The effectiveness of strategic measures and counter-measures each reaches a culminating point of success, beyond which they are simply not useful. During the Cold War, the introduction of anti-ship missile systems greatly threatened America’s naval power, which centered on small numbers of large aircraft carriers. The threat was quickly reduced by the introduction of large carrier convoys, including destroyers and attack submarines to patrol the waters and air-superiority fighters to defend the air around the convoy. Logically, then, anti-ship missiles would have little success in attacking a modern carrier. Yet their strategic significance is great. By forcing carriers to move with large convoys, they have redirected defense resources from useful attack capabilities to ship defense. The modern carrier group, with dozens of naval vessels and aircraft devoted to its own protection, only carries a small number of useful attack planes. Thus, naval counter-measures against missile attack have passed the culminating point of success: making them any more effective would only take away a far greater portion of the fleet’s useful offensive capacity.

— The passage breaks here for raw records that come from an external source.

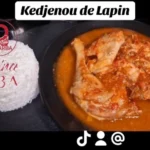 Kedjenou de Lapin au riz blanc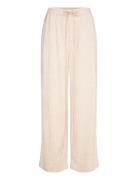 Mschpennie Ginia Pants Bottoms Sweatpants Cream MSCH Copenhagen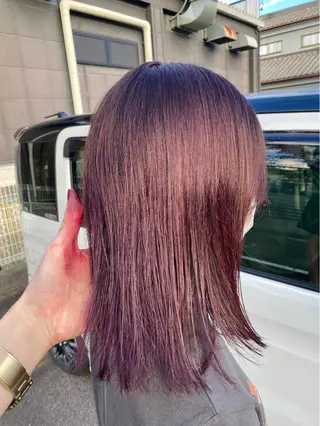カラー SALOWIN栄 高須大貴のヘアスタイル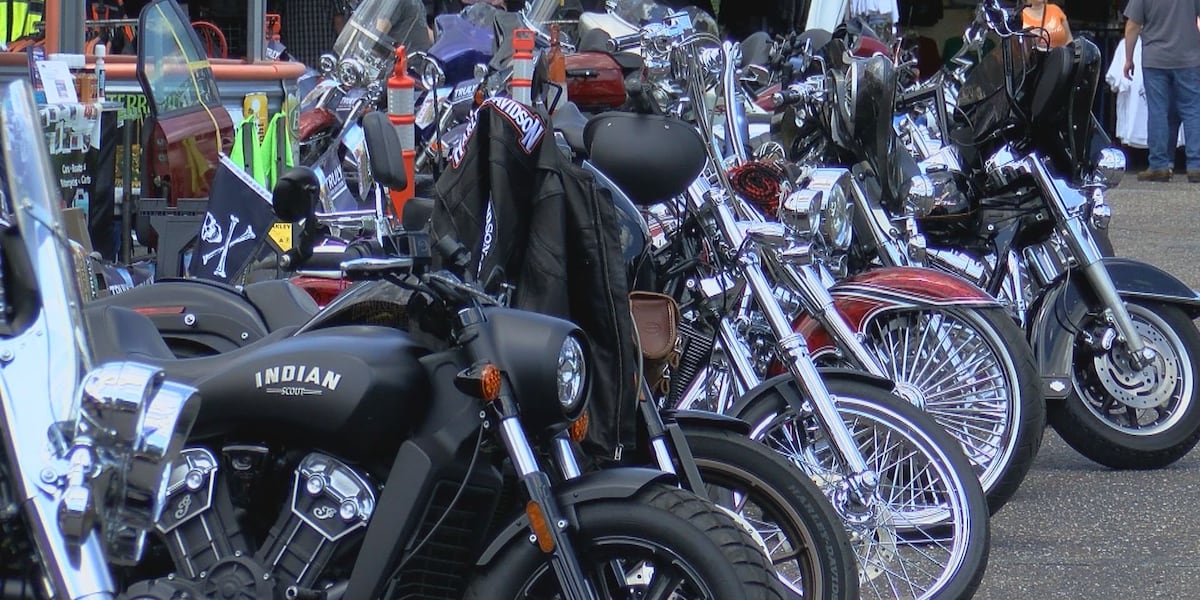 Bikers gather in Murrells Inlet for opening day of Spring Bike Rally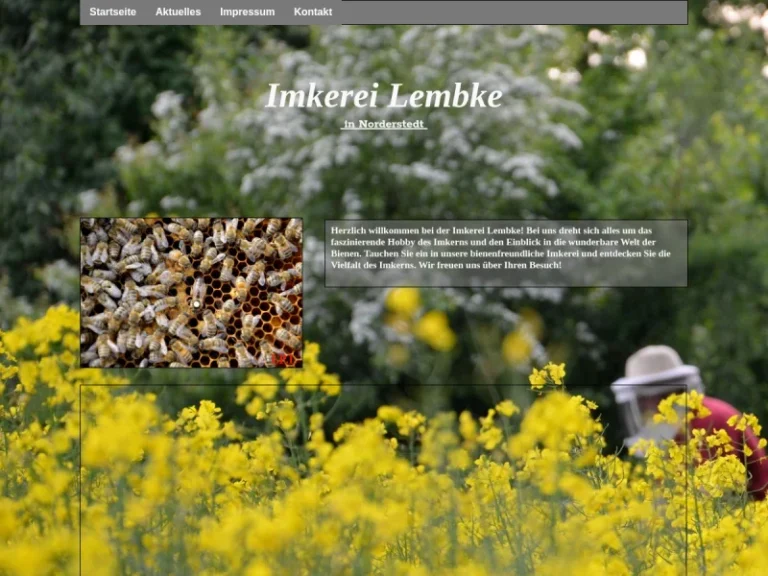 Imkerei Lembke - Schleswig-Holstein in Norderstedt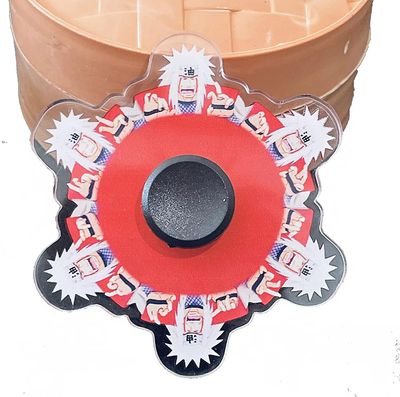 AIR Naruto Fidget Spinners Stress Relief Legetøj til Kids Dynamisk spinning top finger top Naruto Sasuke Juraya Alien Space Blue ManC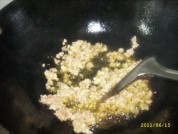 肉末烧豆腐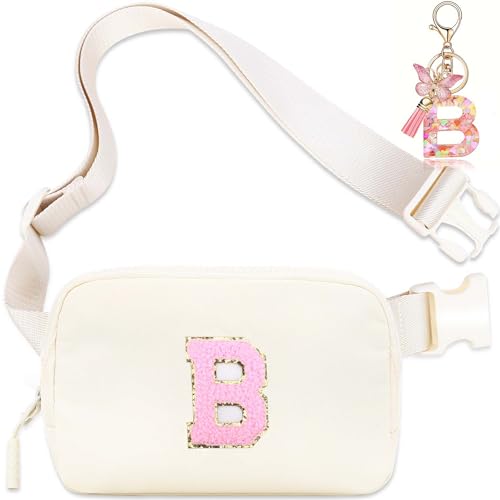 Image of Belt Crossbody Bag for Girls Women - girls fanny pack ages 8-12 Teen Birthday Gifts Small Waist Packs Trendy Kids Fanny Pack B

After discussing the conscious use of paradox in strategy, Luttwak moves on to the levels of strategic analysis: the technical, tactical, operational, strategic and grand strategic. An in-depth consideration of the elements on each level, and their interrelation, would be well beyond the length of this review. Ultimate success in battle and diplomacy lies on the grand strategic level: the total well-being of a nation in economic, military and political terms.

Here again, however, the role of paradox is paramount to Luttwak’s analysis. Advances on one level, however large, may ultimately result in grand strategic losses. The paramount example is Japan’s attack on Pearl Harbor. The attack crippled America’s Pacific fleet, but to no clear end. The Japanese gained a temporary naval advantage, but not one they could press to grand strategic results. Unable to march on Washington, or seriously threaten the American population, Japan’s attack brought it short-lived strength and ultimate defeat.

The book’s greatest virtue is not its theoretical coverage of paradox and levels of analysis in strategy, but the wealth of concrete examples, taken from all periods in Western military history, but especially from more recent times. Luttwak’s look at the competition between Nazi bombers and British air defenses during World War II covers a variety of technical, organizational and strategic actions and reactions, illustrating how the advances can be concretely analyzed Other side discussions, on tank warfare, the effectiveness of aerial bombardment, and the tension between military and scientific interests, are equally interesting.

The book’s lesson—directed at politicians, scholars, students, and pundits who talk about military and defense affairs without understanding them—is simple: strategy has a logic and a nature of its own. Considering concrete policy choices in abstract terms ignores the complexity of strategic competition and risks making significant errors.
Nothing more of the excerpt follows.